● Exercise: Return, with both end lines included, exactly what the data below holds from the line with "Moteur BLDC à" through the line with "Nappe Chef amérindien", though not the pictures.

● Records for the exercise:
*****

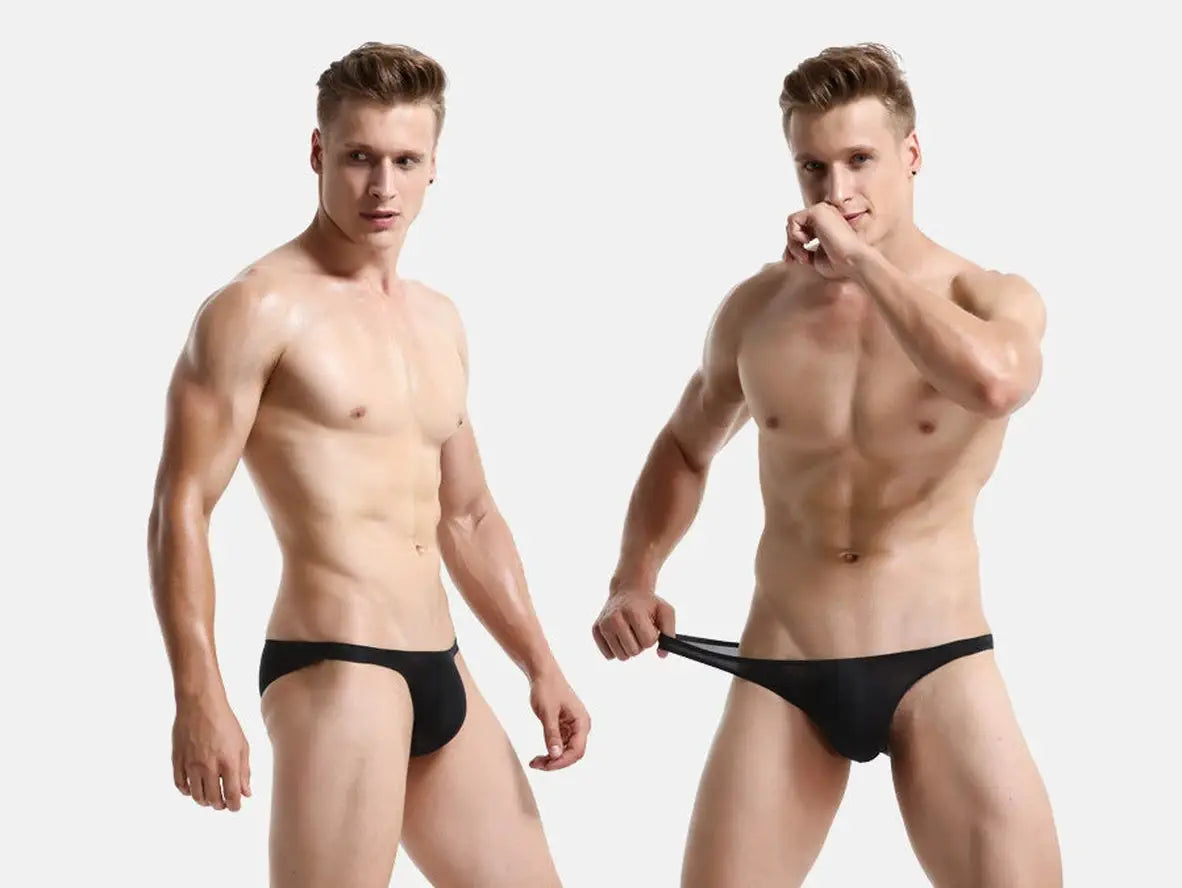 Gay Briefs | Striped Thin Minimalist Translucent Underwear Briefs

*****

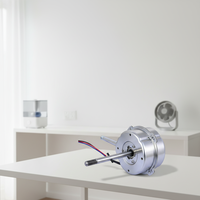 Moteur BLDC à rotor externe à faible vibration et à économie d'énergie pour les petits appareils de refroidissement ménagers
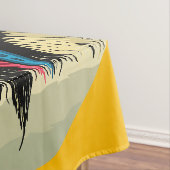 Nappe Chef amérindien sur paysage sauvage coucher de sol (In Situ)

*****

● Answer below:
 Moteur BLDC à rotor externe à faible vibration et à économie d'énergie pour les petits appareils de refroidissement ménagers
 Nappe Chef amérindien sur paysage sauvage coucher de sol (In Situ)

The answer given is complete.